Anchors 1-8 each send a response fixed amounts of time after they receive the poll. Their response includes the last 9 bits of the ideal Tx time.
The Tag receives these replies, corrects the response times for rounding errors and clock rate differences and calculates the ranges.
The ranges are good to within a few cm. Given known anchor locations we can determine tag location and since the result is overdetermined get a good feel for how reliable the position is. All very text book generic system so far.

Here’s the bit that I’m having issues with:

If I put a purely passive UWB device in the middle of the room I can measure the times it sees all the packets.
The time the Listener receives the Poll is the Tag transmit time plus a function of the Tag to Listener distance.
For each anchor the time the Listener receives the Reply is the Anchor transmit time plus a function of the Anchor to Listener distance.
But the system design is that the Anchor transmit time is a the Tag transmit time plus a function of the Tag to Anchor distance plus a known delay.

Rearranging this we get that the time between the Listener receiving the Poll and receiving the Reply minus the known delay for that Anchor is a function of the Tag to Anchor distance plus the Listener to Anchor distance minus the Tag to Listener distance.

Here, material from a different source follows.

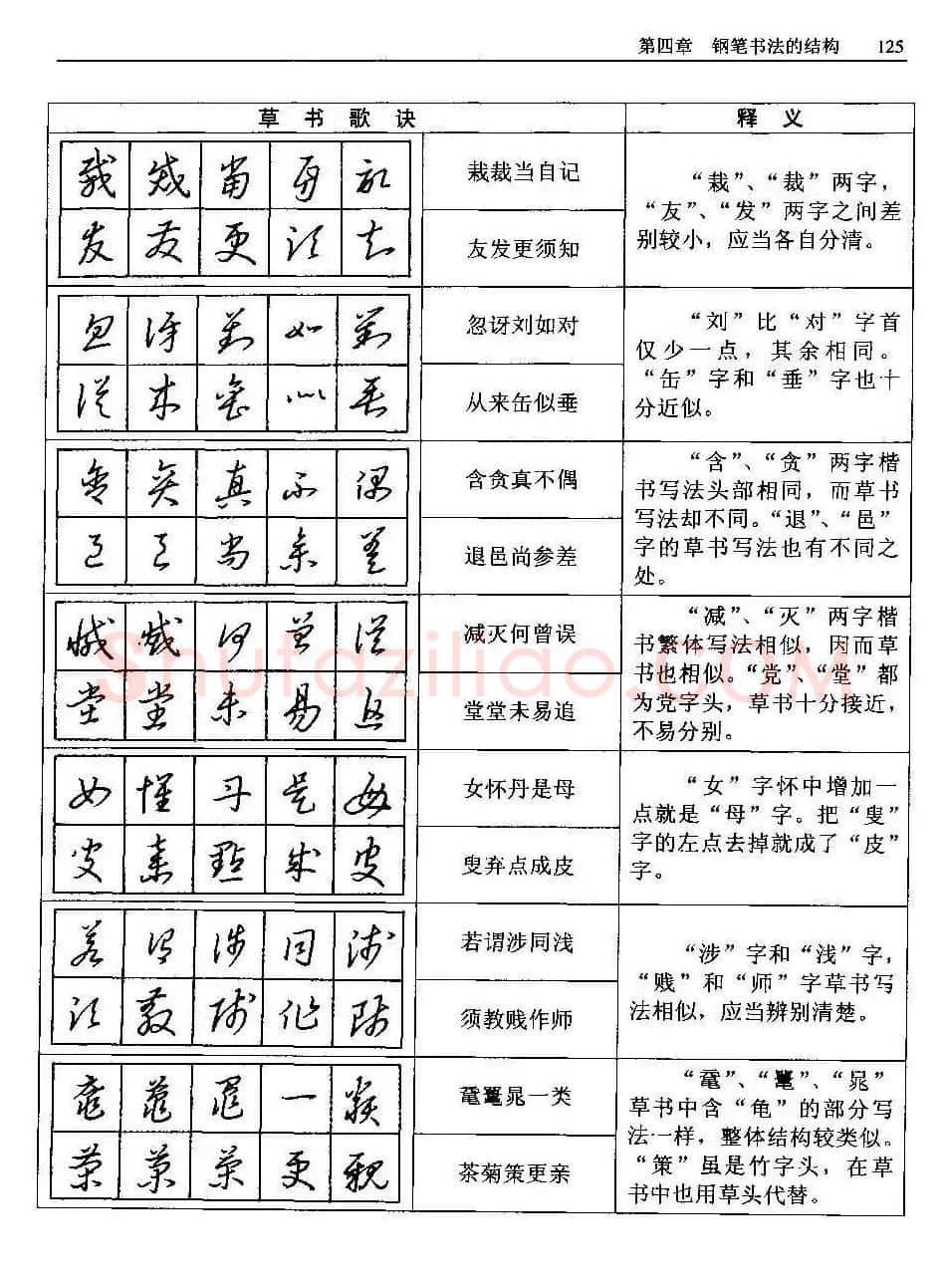 王正良著《中国钢笔书法教程》 | 钢笔书法字帖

Given Anchor locations are known all of these distances between devices are functions of only 6 unknowns, the Tag x,y,z and the Listener x,y,z.

It I have 8 anchors that gives me 8 measurements. 8 data points and 6 unknowns means I should be able to solve for them and purely by listening be able to measure both the tag location and the location of my silent listener.

The problem is that it’s not quite working.
I take the time difference between packets, subtract the delay (corrected for the rounding in the tx time and the clock difference) and convert the resulting time to a distance. Since I know where the tag and listener are I can work out what this value should be. The results I get are about right but are off by a meter or so. So the basic idea works but the values are wrong by enough to ruin the position calculations.

The antenna delays programmed into the system and anchor rx to tx delays must be correct because the tag is getting accurate ranges.
Received signal strength effects are smaller than this, I’ve tried factoring an approximation for them in but that didn’t help.
There has to be some factor or correction that I’m not taking into account on the listening side but I can’t figure out what it could be.

So the question is what am I missing?

Hi Andy,

I did not go into the details, but it sounds to me, that the times are not aligned to a single time base.

All the times including the delays of the Reply messages need to be aligned to a single time base. To do that you need to consider the transmit time, receive time, the clock drifts of each pairs.

I hope it helps.


All the times are measured on a single unit other than the delay times so there is nothing to be corrected for there. The delays are corrected for the clock difference between the receiving device and the device setting the delay, the correction used is the same as is used for normal single sided ranging and works for that use case.
The exact tag transmit time cancels out in the maths but its differing time of flight to each device is taken into account.
Everything is currently running on sets of measurements all taken within a 5ms period with no smoothing so it’s reasonable to assume no meaningful clock drift over that period, the rates will be at a constant offset. I expect lots of noise in the output at this stage, the issue is that there is a large bias in the results.

The scale of the errors is about right for a timebase issue. But if there is one I’m not sure where it is. Also timebase issues I would expect to see larger errors for the anchors that reply later since the rate difference will have a larger impact on those results. I see fairly constant error across the anchors.

It could also be an antenna delay calibration error but I thought I had those dialled in better than that. I could maybe fix the locations to the correct values and optimise for antenna delays and see how far off they would need to be to make the position come out correct.